Why is an inventory of trees so important? There are several reasons. First, trees are a community resource. They produce shade, absorb air pollutants and mitigate storm water runoff. They have a direct, measurable positive economic benefit to a community. Second, trees provide psychological and aesthetic benefits. Third, trees are long lived, and as such, need to be considered part of the capital assets of the community. Fourth, trees need periodic maintenance. Because they are long lived, they cannot be ignored without adverse consequences to the community. And finally, they are large organisms and can create conflicts with and cause damage to homes, cars and other community assets.
Repeating the Inventory
Because trees are biological organisms, they create a dynamic environment.
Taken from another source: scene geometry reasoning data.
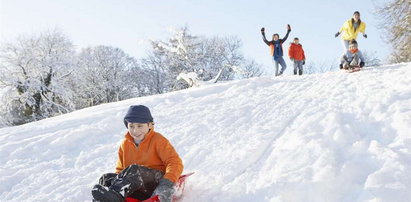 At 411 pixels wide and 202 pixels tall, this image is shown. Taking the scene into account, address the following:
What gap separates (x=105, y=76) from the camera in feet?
128

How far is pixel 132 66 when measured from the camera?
43.1m

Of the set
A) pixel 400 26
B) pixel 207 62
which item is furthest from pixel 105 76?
pixel 400 26

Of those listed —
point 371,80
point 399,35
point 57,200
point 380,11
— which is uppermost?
point 380,11

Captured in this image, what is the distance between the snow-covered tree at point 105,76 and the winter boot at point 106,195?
3364 centimetres

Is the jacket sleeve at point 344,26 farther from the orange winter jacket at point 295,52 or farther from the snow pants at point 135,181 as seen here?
the snow pants at point 135,181

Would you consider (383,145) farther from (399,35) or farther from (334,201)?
(399,35)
The forest or landscape is not static; it is constantly changing. Therefore, while data from the first inventory is used to guide development of the tree management, maintenance, or planting plan, the trees are changing, creating the need to repeat the inventory after a period of years.
The second inventory can be more valuable than the first because an inventory is a picture of the trees when data are collected. The second picture not only provides the basis for the revised management plan, it can be compared with the first and reveal the changes and trends that are occurring. To accurately capture these trends and changes, the same area must be inventoried the second time, whether or not it is the same plots or landscaped areas.